■ **Work order**: Look for the line with "교대사랑이치과의원 | 교대역"; please transcribe it and every later line in the entries exactly, up to the end, leaving pictures out.

[Image-caption web data]
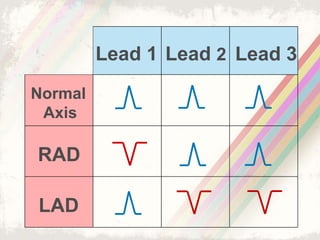 Normal
Axis
RAD
LAD
Lead 1 Lead 2 Lead 3
 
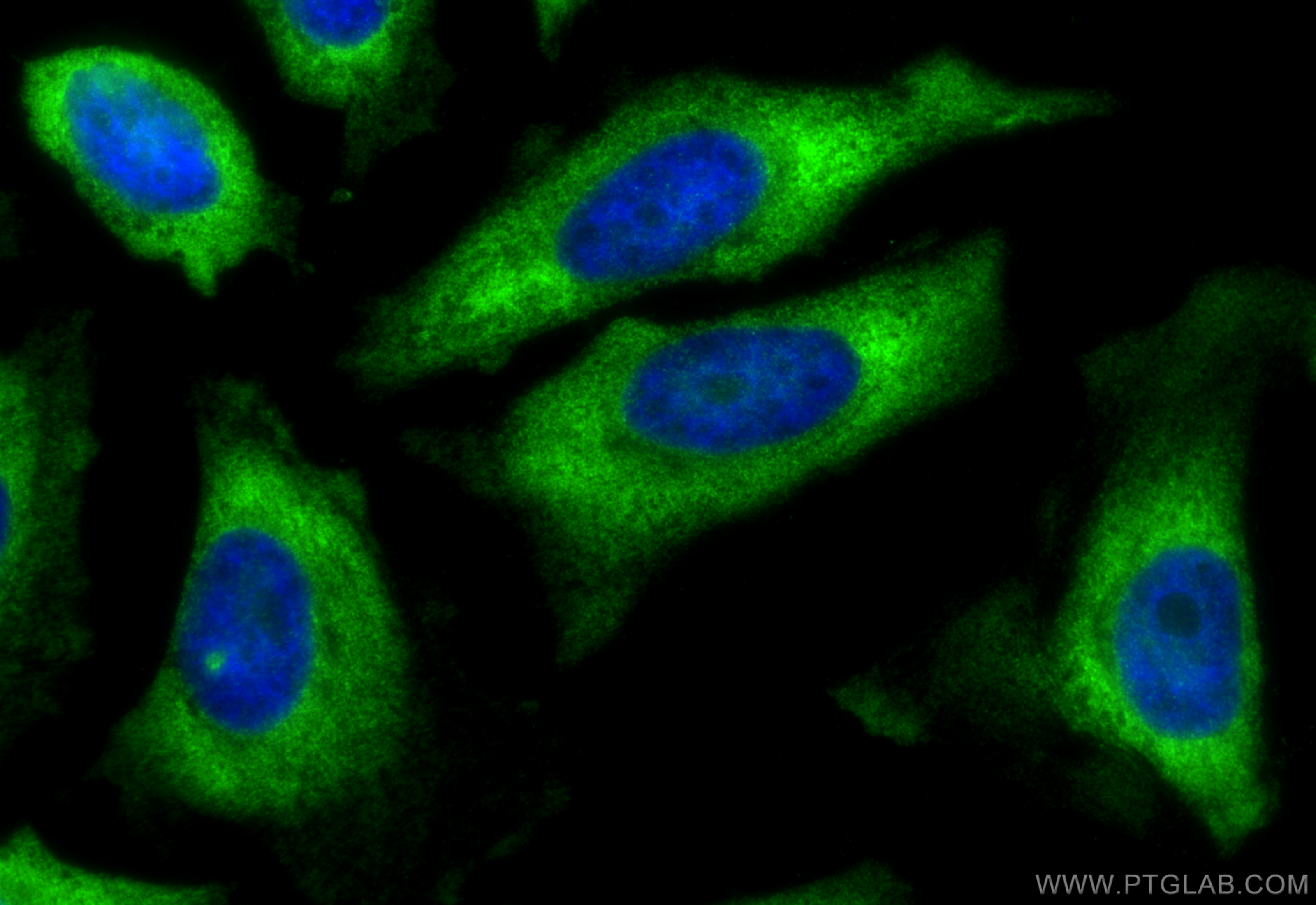 IF Staining of HeLa using 11290-2-AP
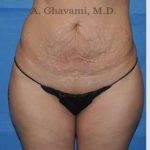 Abdominoplasty Before & After Patient #8214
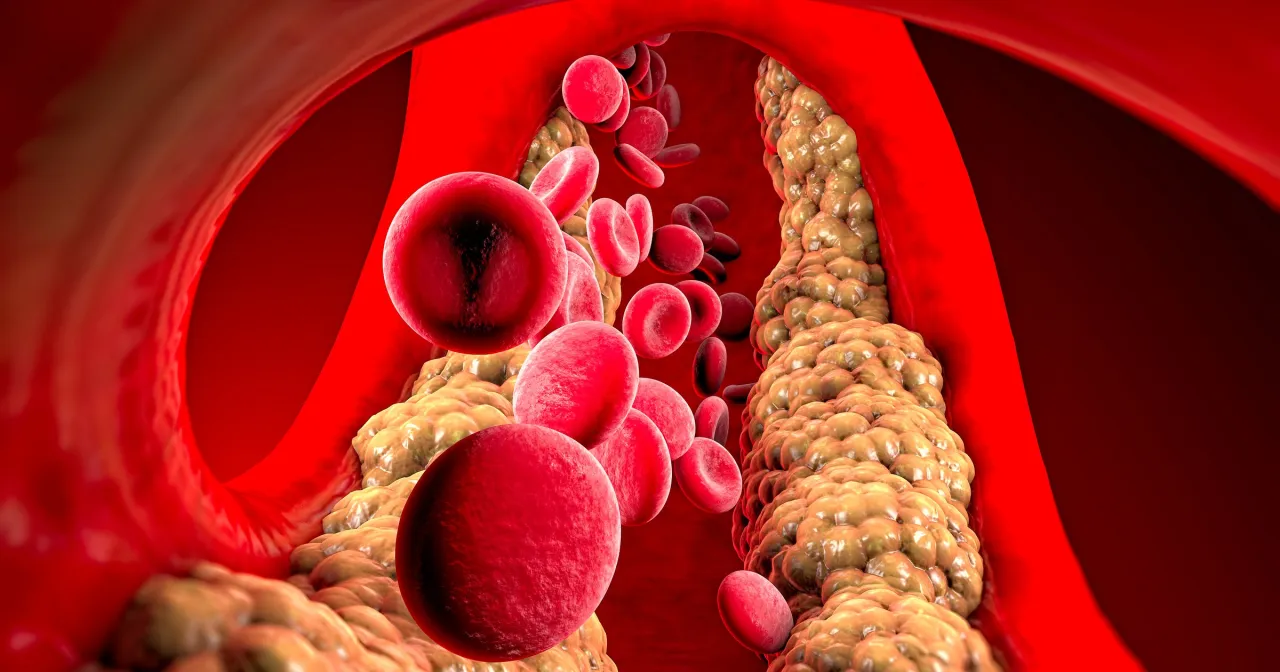 Wysoki cholesterol: Cichy zabójca? Poznaj przyczyny i skuteczne metody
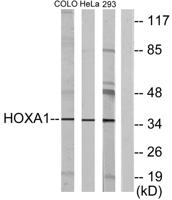 Hox-A1 Polyclonal Antibody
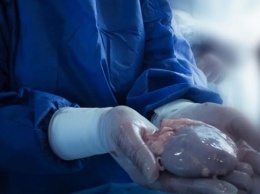Во Львове создали кафедру хирургии и трансплантологии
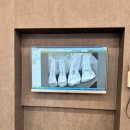 교대사랑이치과의원 | 교대역 사랑니, 신경치료 잘하는 치과 교대사랑이치과 리얼감동후기, 전원 3번만에 찾은 신경치료치과...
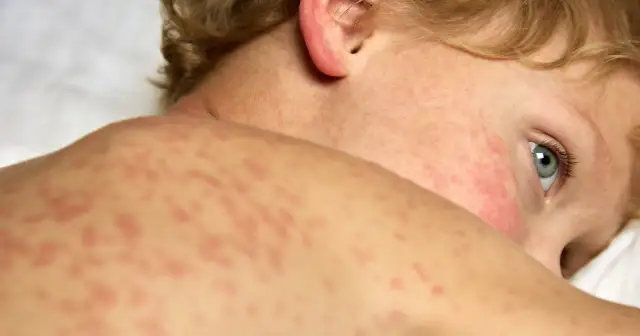 Różyczka czy uczulenie - jak odróżnić wysypkę u dziecka?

■ **Task response**:
 교대사랑이치과의원 | 교대역 사랑니, 신경치료 잘하는 치과 교대사랑이치과 리얼감동후기, 전원 3번만에 찾은 신경치료치과...
 Różyczka czy uczulenie - jak odróżnić wysypkę u dziecka?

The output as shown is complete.